В отличие от фантастических фабрик, описанных в четвертой главе, – табачной мечети или парфеноноподобного турбиностроительного завода AEG, украшенных статусными заимствованиями у религиозных зданий, – созданный Альбертом Каном для Форда современный завод в Хайленд-парке был внешне предельно прост. Этот огромный ангар, в котором стекло преобладало над несущими конструкциями, отражал новую тенденцию в промышленной архитектуре, известную как «фабрики с дневным светом», сменившие погруженные во мрак душегубки XVIII–XIX веков. Благодаря недавно изобретенному железобетону (Альберт Кан с братом запатентовали собственную успешную технологию) появилась возможность оставлять в стене большие проемы для застекления, тогда как кирпичная кладка допускала ограниченное число небольших окон.
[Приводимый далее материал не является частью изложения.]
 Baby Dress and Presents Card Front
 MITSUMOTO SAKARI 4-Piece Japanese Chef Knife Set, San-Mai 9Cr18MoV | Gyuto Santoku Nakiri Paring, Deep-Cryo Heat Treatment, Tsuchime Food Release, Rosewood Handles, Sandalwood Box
И поскольку теперь можно было впустить в здание больше света, а железобетон позволял перекрыть большую площадь, фабричные цеха существенно расширились, обеспечивая невиданные до тех пор объемы производства.
Железобетонные конструкции, подарившие фабрикантам такую возможность, легко угадываются в фасадах Кана, не замаскированные ни облицовкой, ни краской, ни лепниной. Это не значит, что Кану в принципе была чужда историческая помпезность: его жилые и общественные здания выглядят сборной солянкой из отживших свое стилей, да и главный фасад завода в Хайленд-парке, надо сказать, тоже слегка украшен – Кан, очевидно, считал архитектурную наготу не лучшим зрелищем для публики. При этом нельзя утверждать, что он не пекся об общественном имидже клиента: безликость заводов придавала Форду загадочность, становясь «чистым холстом», на котором тот создавал культ своей личности. Аскетизм Кана был проявлением архитектурной рационализации, точнее, фордизации – избавления от лишних узлов и деталей в соответствии с принципами фордизма.
Фордизм, получивший глобальное распространение, поскольку импонировал в равной степени и фашистам, и коммунистам, и капиталистам, за долгие годы прочно укоренился в нашем сознании и кажется привычным, но тогда, при Форде, он произвел настоящий переворот в умах. Родился он из стремления Генри Форда снизить расходы и поднять зарплату, создав настоящий массовый рынок и товар для его насыщения. Форд полагал, что компенсация ультраэффективного производства ненасытным массовым потреблением (сам он, впрочем, выразился бы куда проще) решит вечную проблему современного капитализма – перепроизводство. Постоянно борясь за повышение объемов и снижение расходов на производство (в том числе и зарплаты рабочих), производители рано или поздно остаются без потребителя (живущим на минимальную зарплату товар становится не по карману).
Придуманное Фордом решение – общедоступный автомобиль – оказалось в новинку и вызвало много споров. Кредиторы Форда хотели, чтобы он выпускал роскошные дорогие модели, считая, что массовый рынок автомобилей невозможен в принципе. Несколько раз ему отказывали в финансовой поддержке, и лишь с третьей попытки он сумел наладить успешное производство. Потребительство вызывало неприятие у современников Форда, гордо тянущих лямку викторианской бережливости. И пока проповедники и старшее поколение внушали молодежи необходимость считать деньги, Форд ронял в газетном интервью: «Никто из преуспевших молодых людей никогда ничего не копил. Они тратили все подчистую, вкладывая в себя». Эта позиция вызвала бурное негодование – и принесла Форду огромные дивиденды, сделав его богатейшим человеком в мире.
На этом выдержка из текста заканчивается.